One thing that hopefully will be changed in the upcoming version of the ZO is the weighting of the processing scale. On its scale of 0 to 32, the first few steps make the most difference in the resulting sound, while from step 16 to 32 there is barely any noticeable change. I would appreciate it if Digizoid made the first few steps of the scale more resolving – there could be several more steps between 0 and 1 already, allowing one to fine-tune the processing for bass heavier phones. I would appreciate a truly linear scale increase instead of the almost logarithmic lower quarter, and the barely changing upper half of the ZO’s processing range.
The ZO does what most other portable amps aren’t able to do: it indeed makes the sound subjectively better. It has no detrimental effects on the source audio, and it is able to beef up any signal if one wishes so. This is more than can be said about much higher priced ‘audiophile’ amps that are hyped in certain circles. The ZO might not have a brushed steel chassis or overpriced boutique capacitors and opamps – but contrary to those products, it actually affects the perceived sound quality in a positive, audible way – besides the usual increase in loudness.
I’ve reviewed a few amps so far, and while some of those actually fix some flaws with the outputs of portable players (hiss, bass roll-off, etc), or incorporate a regular bass booster or crossfeed – the ZO is the first one that adds a veritable wow factor to the sound. No, not the awful SRS WOW kind – a real WOW, coming from the guts, that makes me grin uncontrollably.
I would highly recommend the ZO to people looking to beef up their phones/players, people that like visceral yet natural, clear sound. This thing really goes in the right direction. It doesn’t matter much what genres of music we’re talking about, the ZO works with everything I threw at it. Purists might not like that approach, but as an audio engineer I would go out on a limb and say this is actually better than ‘how the artist meant it to be’. Either one likes to tweak one’s personal sound preference, or one doesn’t. The ZO surely can deliver the goods, if one wishes so.

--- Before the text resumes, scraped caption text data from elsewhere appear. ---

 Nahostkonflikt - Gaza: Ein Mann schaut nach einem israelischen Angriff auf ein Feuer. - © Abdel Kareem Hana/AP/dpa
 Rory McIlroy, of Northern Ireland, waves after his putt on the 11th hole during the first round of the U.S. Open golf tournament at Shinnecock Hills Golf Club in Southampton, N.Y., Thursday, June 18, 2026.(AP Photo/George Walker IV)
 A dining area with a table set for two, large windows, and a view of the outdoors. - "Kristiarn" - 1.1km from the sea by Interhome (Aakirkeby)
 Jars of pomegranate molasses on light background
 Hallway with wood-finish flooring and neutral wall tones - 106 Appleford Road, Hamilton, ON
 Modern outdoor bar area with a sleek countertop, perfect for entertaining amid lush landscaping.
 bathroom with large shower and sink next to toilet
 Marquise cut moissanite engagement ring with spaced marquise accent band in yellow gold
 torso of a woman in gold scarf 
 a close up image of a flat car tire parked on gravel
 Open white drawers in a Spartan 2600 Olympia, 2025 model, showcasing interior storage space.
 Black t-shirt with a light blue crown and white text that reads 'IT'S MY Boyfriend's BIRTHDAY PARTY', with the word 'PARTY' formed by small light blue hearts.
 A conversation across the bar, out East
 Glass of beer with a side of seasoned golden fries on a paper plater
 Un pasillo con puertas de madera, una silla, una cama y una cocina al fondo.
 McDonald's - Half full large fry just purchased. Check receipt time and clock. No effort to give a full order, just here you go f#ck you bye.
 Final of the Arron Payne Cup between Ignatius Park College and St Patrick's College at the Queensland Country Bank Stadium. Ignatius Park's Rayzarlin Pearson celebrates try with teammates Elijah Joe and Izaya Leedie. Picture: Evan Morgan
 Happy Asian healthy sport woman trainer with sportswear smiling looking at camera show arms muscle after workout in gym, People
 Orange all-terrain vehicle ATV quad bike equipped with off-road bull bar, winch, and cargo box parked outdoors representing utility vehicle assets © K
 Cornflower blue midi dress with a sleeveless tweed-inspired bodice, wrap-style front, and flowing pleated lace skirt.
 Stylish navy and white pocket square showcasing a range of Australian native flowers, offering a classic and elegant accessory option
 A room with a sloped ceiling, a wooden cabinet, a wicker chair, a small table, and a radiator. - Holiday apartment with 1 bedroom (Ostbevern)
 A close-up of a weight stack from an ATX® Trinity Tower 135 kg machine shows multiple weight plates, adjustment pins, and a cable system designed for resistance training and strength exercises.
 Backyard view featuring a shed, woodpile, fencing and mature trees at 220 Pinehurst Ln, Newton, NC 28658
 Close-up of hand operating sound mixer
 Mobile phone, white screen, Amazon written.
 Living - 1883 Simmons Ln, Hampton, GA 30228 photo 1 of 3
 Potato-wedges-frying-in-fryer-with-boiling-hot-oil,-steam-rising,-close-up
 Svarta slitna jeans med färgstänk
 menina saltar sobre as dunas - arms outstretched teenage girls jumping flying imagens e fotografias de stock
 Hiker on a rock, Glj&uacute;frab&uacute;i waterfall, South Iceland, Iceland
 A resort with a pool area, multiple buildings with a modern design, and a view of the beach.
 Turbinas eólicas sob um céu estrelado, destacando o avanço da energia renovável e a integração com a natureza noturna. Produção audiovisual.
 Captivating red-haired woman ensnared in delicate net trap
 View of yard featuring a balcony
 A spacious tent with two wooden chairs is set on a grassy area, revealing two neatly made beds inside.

Karen and Paul, the people behind Digizoid, really seem to stand behind their product and are dedicated to go a new, different way in audio enhancement technology. I hope it catches on, and companies start implementing their Smartvector technology in various products. The market is a crowded one – with BBE, SRS, Samsung DNSe, Sony DSSE, Creative Xmod, and dozens of others – but once you heard the ZO you likely won’t settle for less anymore.
The ZO seriously spoiled my on-the-go listening habits. It’s hard going back to listening without it. Don’t take my word for it – you have to hear it yourself.
- Best bass enhancement I’ve heard to date
- Improves stereo imaging and ‘fattens’ the overall sound without muddying it
- Increases the dynamic range of the input signal
- Amplifies the input signal as well, works great with wimpy MP3 players
- Clean and precise sound – no detrimental effects when bypassed
- Makes phones sound subjectively better at lower listening levels
- Small and lightweight
- Inexpensive and more useful than ‘audiophile’ amps
- Loud click/pop at turning on/off (will be improved in an upcoming version)
- Battery life could be a bit better (will be improved in an upcoming version)
- Processing range steps could be better weighted
- Background hiss with some sensitive in-ear phones and/or sub-par sources
- Insufficient electromagnetic shielding, picks up cell phone interference
Distributors can be found on Digizoid’s website. Suggested retail price of the ZO is $119, but one can get it for $70 or so, if one looks around a bit.